Voronin Cup full results and pictures

Tatiana Nabieva and Russian team choreographer Olga Burova. Here they are with a friend, practising for a caption competition for the RGF website. Advance entries at welcome at this website.


The Russian Gymnastics Federation has now published full results of the Voronin Cup, including the senior and junior competitions (team, all around and individual apparatus) and all the judges' assignments. 

Interesting to see Anastasia Sidorova take the highest floor score in the women's all around (14.75) and second on vault (14.6).  None of the Russian seniors barring Komova competed in apparatus finals, and all of them steered clear of vault final.  Vault appears to be a relative weakness for the Russian women, and I guess this apparatus may lose them the Olympic team title when considering the overwhelming reliability and power of the US women.

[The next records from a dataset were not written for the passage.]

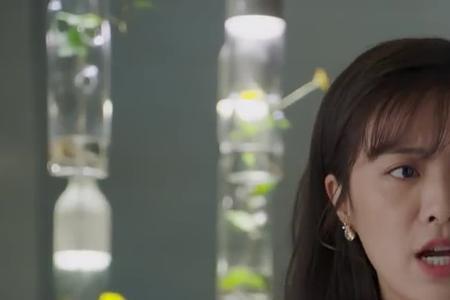 温州三家人叶子凡和林知夏结局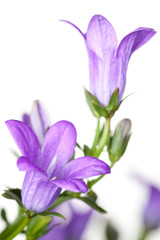 Violet bellflower blossoms on white background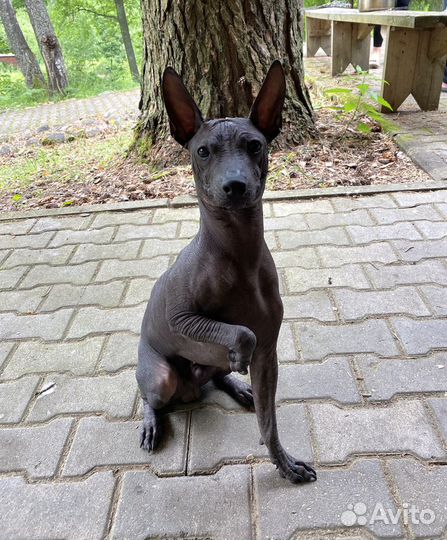 Вязка собак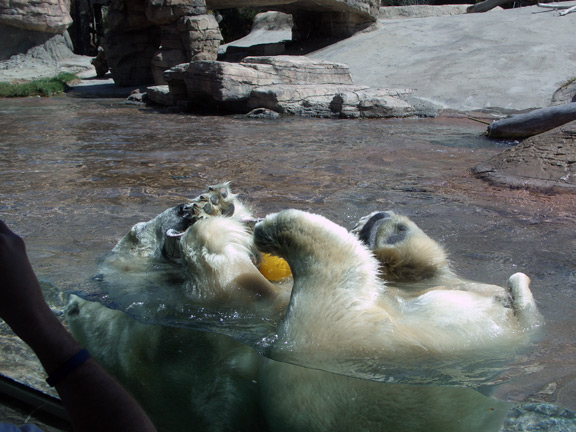 Playful polar bear 1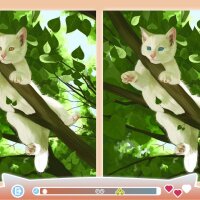 Cute Cats 2 Crack Download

Sidorova was the standout of the new generation (NB, in the absence of her close rival Anastasia Grishina who was home with flu).  With the exception of Aliya Mustafina, no one from the gold medal winning team at the 2010 world championships finished in the top group of gymnasts (Tanya Nabieva, who contributed solidly at last autumn's World Championships, was resting her sore back).  The Mustafina, Komova and Sidorova generations are deep and talented, and a rapid turnover of senior team members is developing.  Mustafina appears to be the dominant force here and she has taken a huge step at this competition with her psychological return to competition.  The All Around has an interesting interview on this subject here with coach Alexander Alexandrov.

We shall have to see if the team stabilises post 2012 or if a similar pace of change continues.

2004 and 2008 Olympian Anna Pavlova continues to score highly on beam (top score of 14.85 in the AA; 3rd in the apparatus final) and vault (3rd with 14.35; matched placing in the apparatus final) but I suspect her stamina not to be the same of those currently making the national team, and additionally her psychological vulnerability makes her too uncertain a team mate for the unforgiving 3-3 competition format.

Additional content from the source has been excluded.